To hinder the work of the kingdom, etc.




Satan can’t harm God.

But Satan can break God’s heart through us.



4th---Fight with the right kind of weapon.

The king offered David his weapons.



He had expensive armor, a spear and a sword.

But David couldn’t use that stuff.



He had to fight with the right kind of weapons.

Satan is behind most of our problems.



We have to use spiritual weapons not carnal weapons (II Cor. 10:4).

Paul said, put on the whole armor of God: truth, righteousness, faith , the Word of  

God (Eph. 6:13).



And fight Satan in the strength of God.

An army gathered to make war against the Jews.



God told King Jehoshaphat to, “Go to battle with the priests in front singing hymns          

and the people dancing” (II Chron. 20).

I’ll bet that was a strange sight---people going to war singing and dancing.

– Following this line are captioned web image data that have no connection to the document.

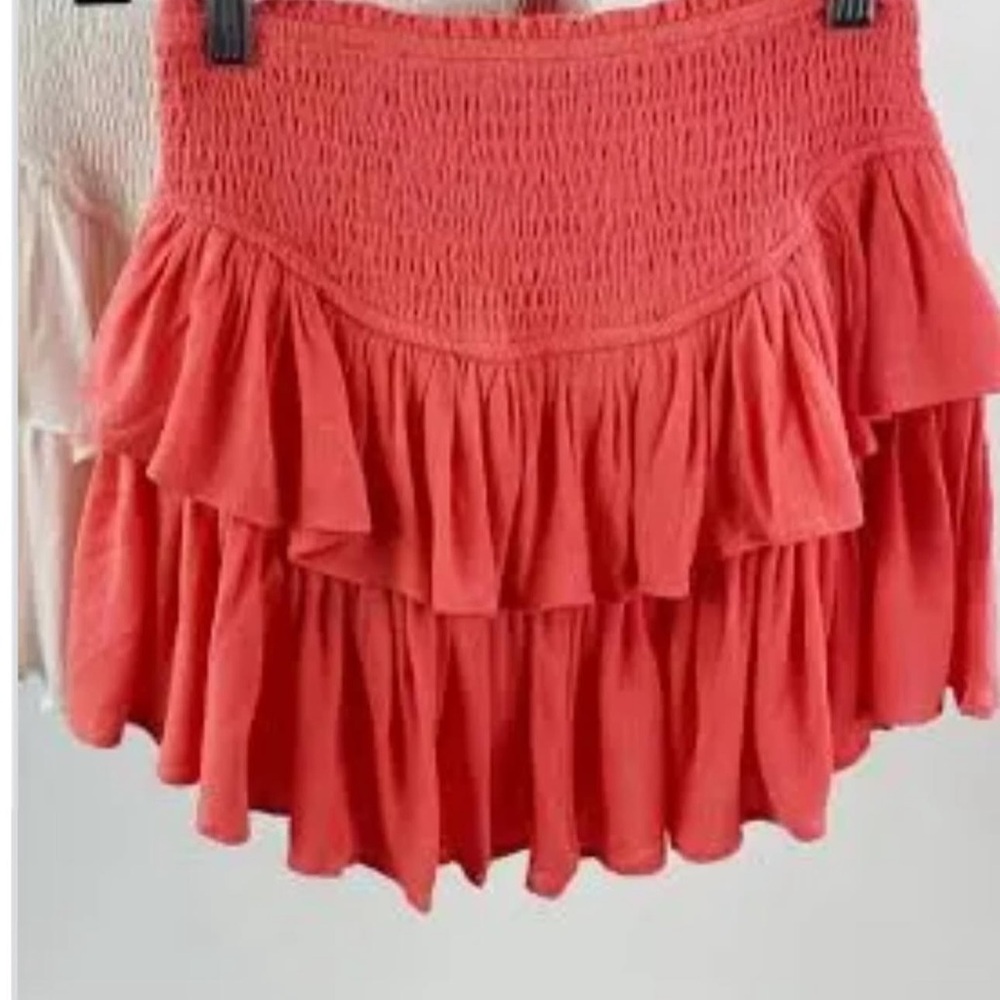 Pink Smocked Ruffled Mini Skirt for Resort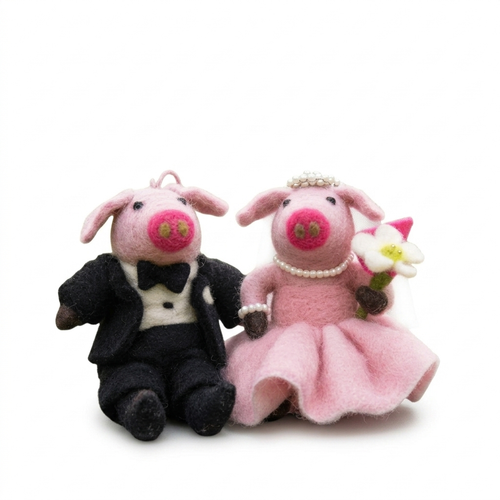 Handmade Wool Felt Pig Couple Ornament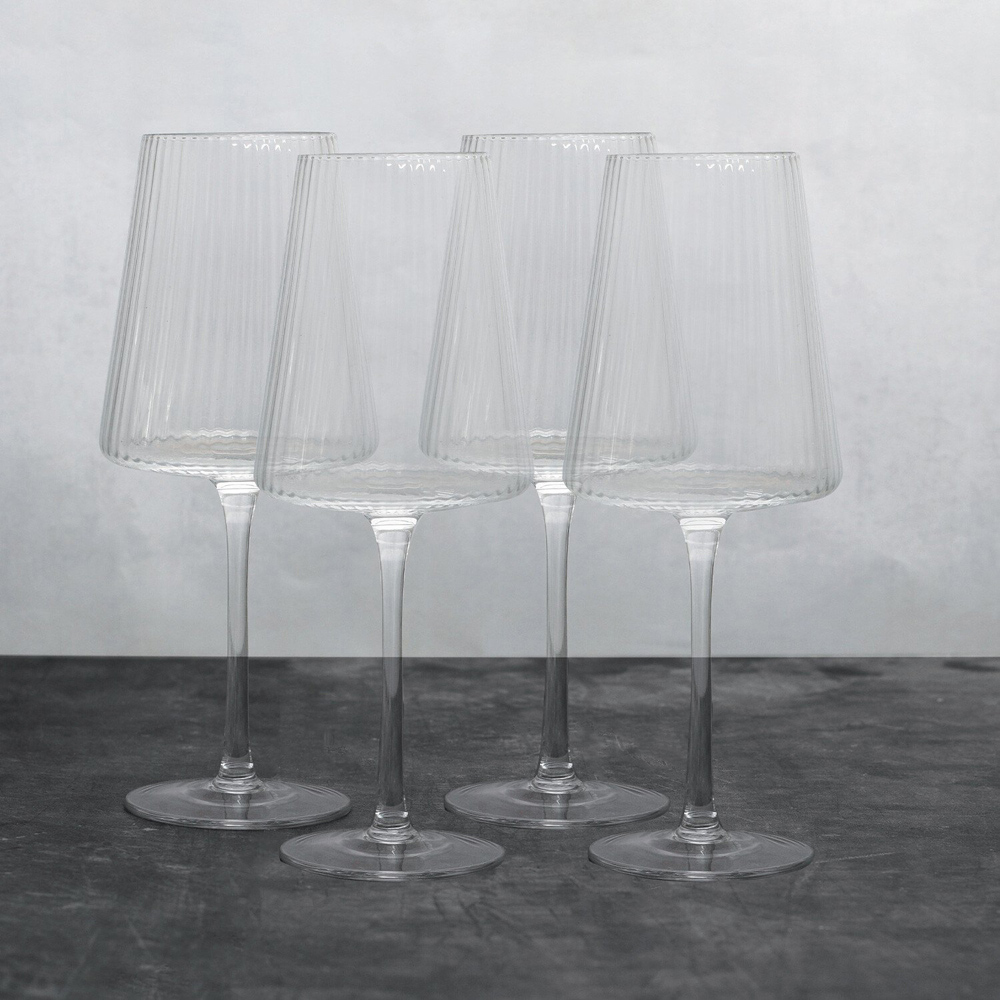 Enya Clear Ribbed Wine Glasses 4 Pack Image 2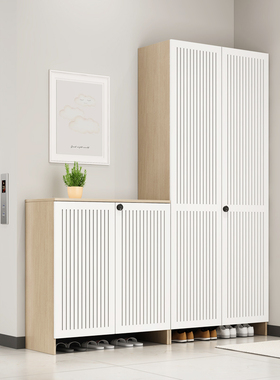 韩利园楼道带锁鞋柜走廊用电梯HHX007过道室外走廊储物柜实木透气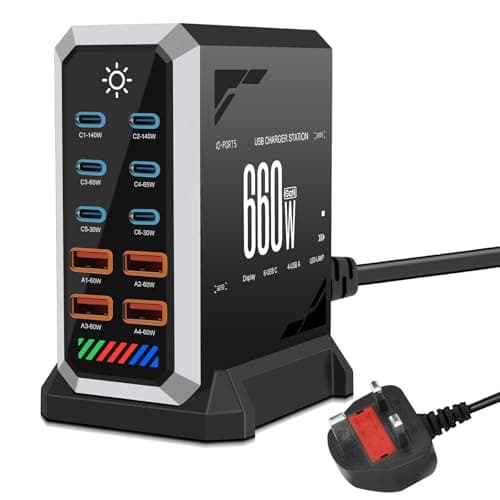 10 in 1 & 660W USB C Charging Station Hub GaN III Multi Port USB Fast Charger Block (6 USB‑C & 4 USB‑A), Black Power Dock Compatible with MacBook, iPhone, iPad, Galaxy S24/S23 etc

But King Jehoshaphat obeyed God.

And when his army got to the battlefield they saw another strange sight.



All of the enemy soldiers were dead.

They had fought among themselves.


And killed each other.

God does unusual things like this to make us act in faith.



This is why He told Joshua to have the Hebrews march around the walls of Jericho

seven times (Joshua 6);

Why He told Naaman to dip in the Jordan river seven times (II Kings 5).



He wants us to understand that the victory comes from Him.

Many times we refuse to do these unusual thing.



We often reach the point of hopelessness before we do what God wants us to do.

But when we obey God, He gives the victory.



5th---Expect opposition.

David’s brother opposed him.



King Saul thought he was too young and inexperienced.

Goliath ridiculed him.



Opposition is one of the first things that happens when we start using spiritual        

weapons against our personal giants.

Others don’t understand our prayers, study and faith.



Satan uses people to distract us;

To draw us away from the weapons that work.



6th---Go on the attack.

David didn’t just stand around and complain about the situation.


He took his sling and ran at Goliath.

It won’t help to just stand around and complain about our problems.



We need to pray; Study;

And believe;



David Kaiser was the field goal kicker on UCLA’s football team.

UCLA was playing Michigan.



It was late in the game and the score was tied.

Coach Duffy Daugherty sent David in to kick a field goal.



He split the uprights.

And won the game.



When he ran off the field coach Daugherty said, “Nice going David.”

“But why didn’t you watch the ball go through the uprights?”



“You’re right coach.”

“I didn’t watch the ball.”



“I watched the referee.”

“You see, I forgot my contact lenses.”



“I couldn’t see the goal posts.”

At first, coach Daugherty was angry.




But he got over it.

He realized that David did what he was trained to do.



Kicking that ball had become an automatic thing for him.

This is the point.



Attacking the giants should be an automatic thing for Christians.

We shouldn’t stand around and complain.



We should attack with prayer, study and faith.

7th---Prepare for the storms.



David needed only one stone.

But he took five just in case Goliath’s brothers came out too.



A man asked a farmer for a job.

The farmer asked, “Are you a good farmhand?”



“I can sleep while the wind blows,” the man replied.

This confused the farmer.



But he hired the man anyway.

A few days later, a terrible storm struck in the middle of the night.



The farmer woke up the man.

“We have to get the animals in and tie everything down.”




The man said, “I told you I can sleep while the wind blows.”

This confused the farmer a second time.



He decided to fire the man.

But he would take care of other things first.



He went after the animals.

They were all up.



He went to tie things down.

Everything was tied down.



Then, he understood what the farmhand meant when he said, “I can sleep

while the wind blows.”

The man was prepared before the storm struck.



In closing, without God, David was an ordinary boy.

With God David killed a giant.



Without God, we are ordinary people.

With God we can kill giants.


But we need to prepare before the giants show up.

Then, we can sleep while the wind blows.